Дружбу с Татой надо было пресекать. Разгром квартиры – это цветочки; потому пойдут доносы или еще что похуже.
5.
Когда Тата вернулась домой, мать уже спала, так что ей удалось пробраться в шкаф незамеченной. На следующее утро она ни слова не сказала ей о случившемся и побежала в школу.
Как Тата была зла на дядю Клима! Он не имел права калечить нежную психику Китти!
Будь Тата взрослой, она бы настояла, чтобы ее отобрали у отца и сделали дочерью пионерского отряда. Она могла бы жить у Таты, и тогда бы из нее выросла настоящая большевичка!
Но что могла сделать девочка, которую саму еще не приняли в пионеры?
После уроков было заседание редколлегии, и Тате поручили оформить стенгазету к 35-летнему юбилею литературной деятельности Максима Горького.
Ей выдали драгоценность из драгоценностей – большой белый чертежный лист и акварельные краски.
– Береги их – это последние, – предупредил вожатый Вадик. – Если справишься с заданием, я дам тебе положительную характеристику в совет отряда.
Тата пообещала быть предельно аккуратной.

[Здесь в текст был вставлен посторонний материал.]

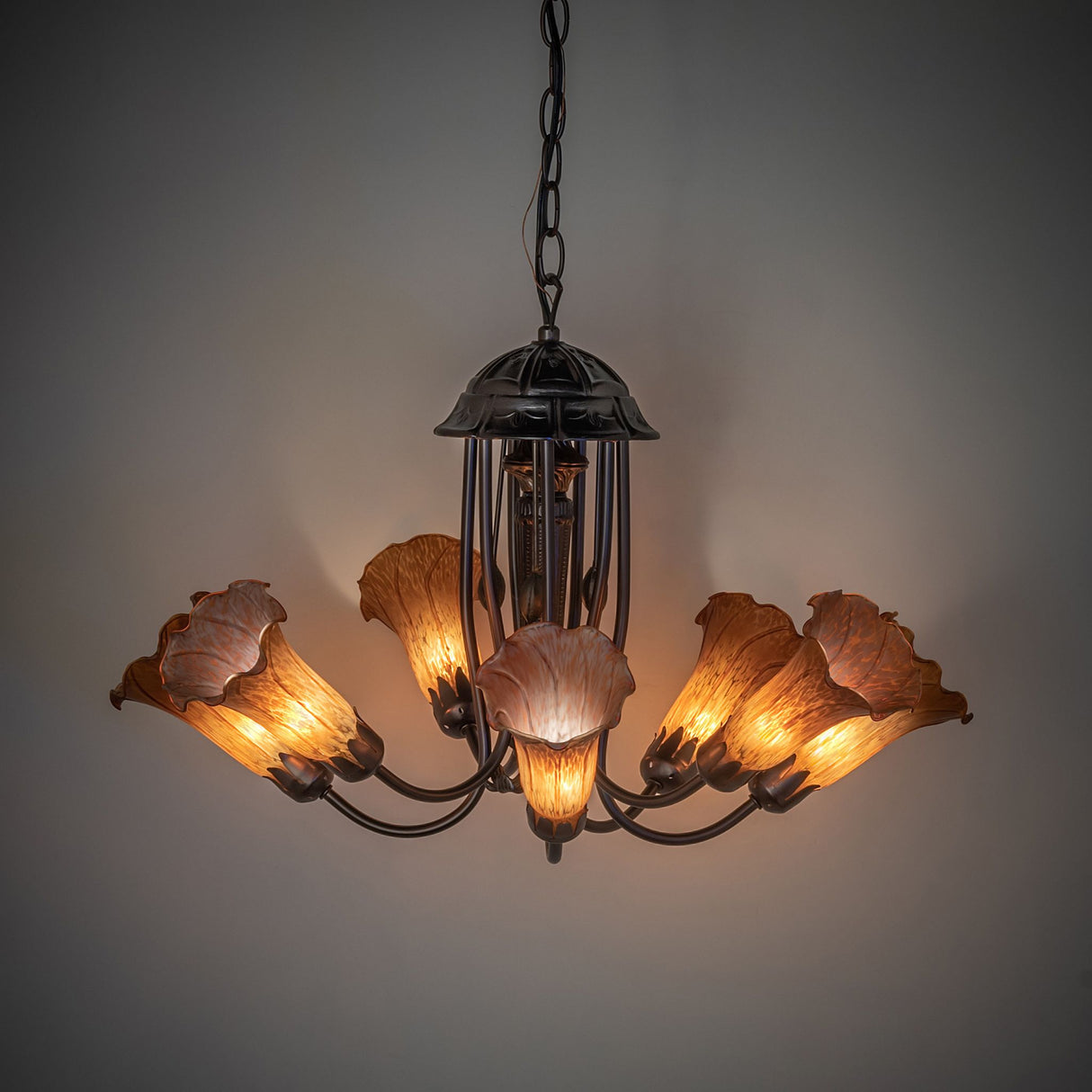 Illuminated Amber Tiffany Pond Lily Chandelier showcasing 7 stunning amber shades.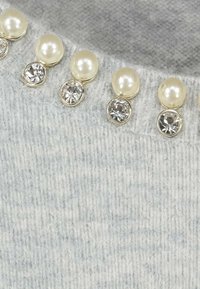 Tessuto grigio lavorato a maglia con elementi decorativi: perle color crema alternate a pietre preziose trasparenti lungo la scollatura, che aggiungono texture e contrasto.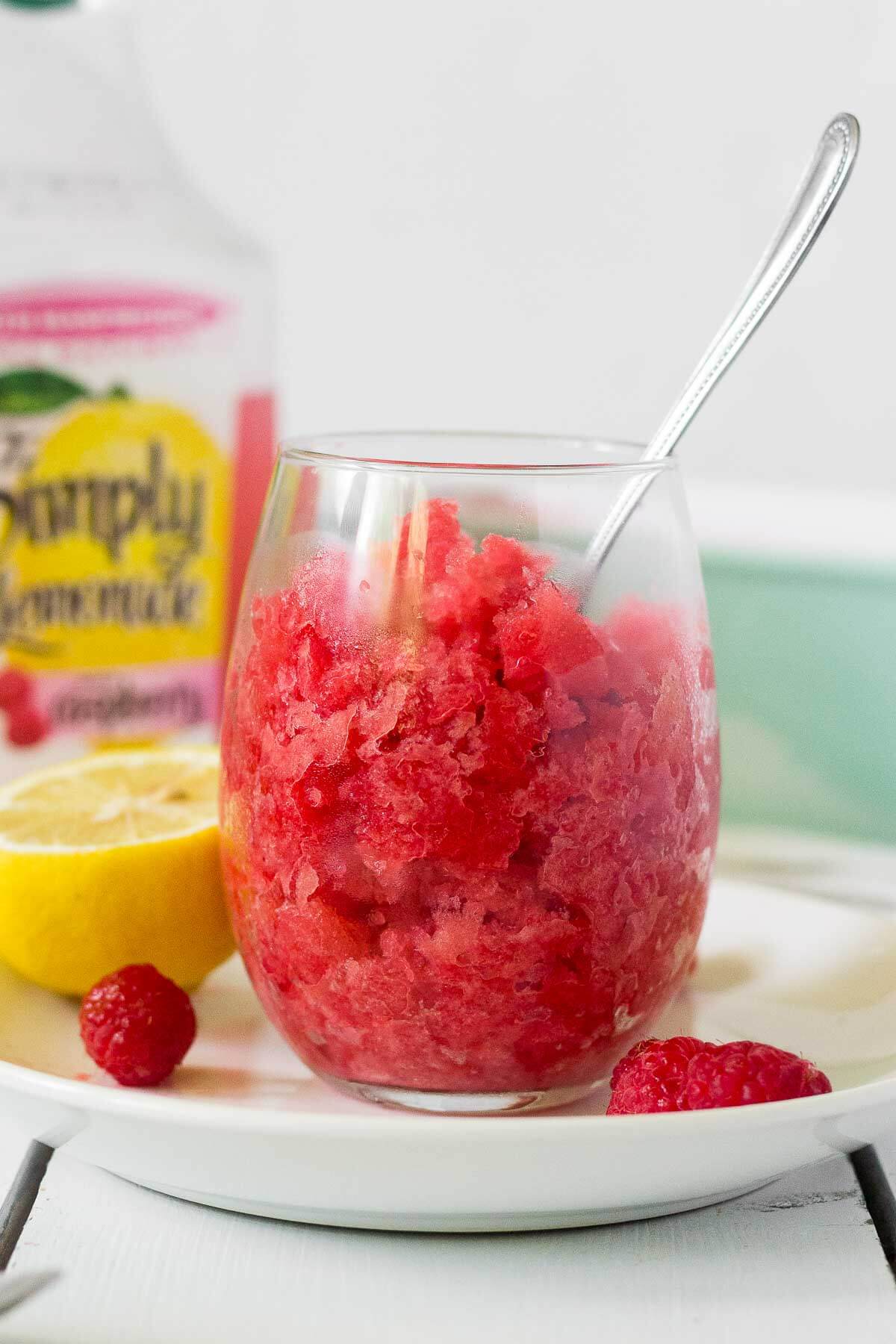 glass of raspberry lemonade granita with a spoon dipped into it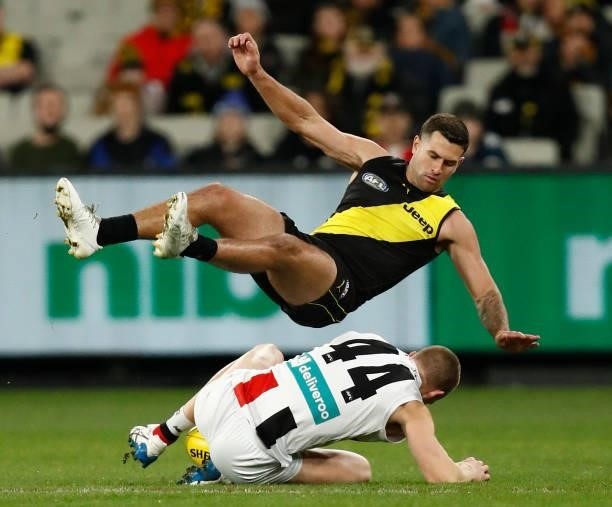 Callum Wilkie of the Saints and Jack Graham of the Tigers compete for the ball during the round 15 AFL match between the Richmond Tigers and the St...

Вернувшись домой, она принялась за работу. Сначала написала заголовок «Пионеры – Горькому», потом аккуратно наклеила статьи школьных корреспондентов, а потом срисовала из журнала виньетку из горнов и пионерских галстуков. В нее был помещен призыв:
Пусть погибнут все душители народа и кровожадные палачи в буре социальной революции! Пусть разлетится вдребезги череп капитала, веками омрачавший загробно-траурную жизнь трудящегося люда!
Получилось очень красиво.
В левом нижнем углу оставалось немного места, и Тата решила поместить туда важное предложение:
РЕФОРМА РУССКОГО ЯЗЫКА
Мы, пионеры-новаторы, предлагаем вместо «Здравствуй!» говорить «Ленинствуй!»
Подписи в поддержку реформы собирает тов. Тата Дорина.
Дверь отворилась, и в комнату вошла мать. Схватив Тату за воротник, она выволокла ее из-за стола и влепила ей затрещину.
– За что?! – взвыла Тата.
– Я тебе покажу «за что»! Отвечай, мерзавка, зачем ты устроила погром у Роговых?!
Тата попятилась.
– Дядя Клим – это социал-предатель… – дрожащим голосом начала она. – Тоже мне, образованный человек, а буржуйских морд на стены понавешал!
– Я тебе дам «буржуйских морд»!
Мамин безумный взгляд остановился на стенгазете.